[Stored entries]
^^^^^^^^

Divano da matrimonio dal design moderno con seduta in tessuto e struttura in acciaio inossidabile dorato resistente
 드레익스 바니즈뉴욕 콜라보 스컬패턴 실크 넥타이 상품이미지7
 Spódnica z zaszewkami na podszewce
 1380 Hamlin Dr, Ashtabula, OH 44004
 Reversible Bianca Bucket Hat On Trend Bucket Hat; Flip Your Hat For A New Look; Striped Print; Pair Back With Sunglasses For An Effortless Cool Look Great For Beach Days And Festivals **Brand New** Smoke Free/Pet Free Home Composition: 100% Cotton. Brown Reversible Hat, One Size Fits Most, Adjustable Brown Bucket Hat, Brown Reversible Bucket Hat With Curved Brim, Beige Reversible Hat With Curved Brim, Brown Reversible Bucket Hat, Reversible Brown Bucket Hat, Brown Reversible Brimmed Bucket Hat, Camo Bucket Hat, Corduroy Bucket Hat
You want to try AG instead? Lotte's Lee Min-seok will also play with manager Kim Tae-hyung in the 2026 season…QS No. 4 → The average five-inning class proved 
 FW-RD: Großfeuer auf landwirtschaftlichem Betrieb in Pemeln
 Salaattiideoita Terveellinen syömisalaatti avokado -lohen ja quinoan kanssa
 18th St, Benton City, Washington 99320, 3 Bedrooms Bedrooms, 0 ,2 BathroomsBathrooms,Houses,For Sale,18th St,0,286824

^^^^^^^^

> [Exercise description]:
Word for word, write out each entry shown above.

> [Task response]:
Divano da matrimonio dal design moderno con seduta in tessuto e struttura in acciaio inossidabile dorato resistente
 드레익스 바니즈뉴욕 콜라보 스컬패턴 실크 넥타이 상품이미지7
 Spódnica z zaszewkami na podszewce
 1380 Hamlin Dr, Ashtabula, OH 44004
 Reversible Bianca Bucket Hat On Trend Bucket Hat; Flip Your Hat For A New Look; Striped Print; Pair Back With Sunglasses For An Effortless Cool Look Great For Beach Days And Festivals **Brand New** Smoke Free/Pet Free Home Composition: 100% Cotton. Brown Reversible Hat, One Size Fits Most, Adjustable Brown Bucket Hat, Brown Reversible Bucket Hat With Curved Brim, Beige Reversible Hat With Curved Brim, Brown Reversible Bucket Hat, Reversible Brown Bucket Hat, Brown Reversible Brimmed Bucket Hat, Camo Bucket Hat, Corduroy Bucket Hat
You want to try AG instead? Lotte's Lee Min-seok will also play with manager Kim Tae-hyung in the 2026 season…QS No. 4 → The average five-inning class proved 
 FW-RD: Großfeuer auf landwirtschaftlichem Betrieb in Pemeln
 Salaattiideoita Terveellinen syömisalaatti avokado -lohen ja quinoan kanssa
 18th St, Benton City, Washington 99320, 3 Bedrooms Bedrooms, 0 ,2 BathroomsBathrooms,Houses,For Sale,18th St,0,286824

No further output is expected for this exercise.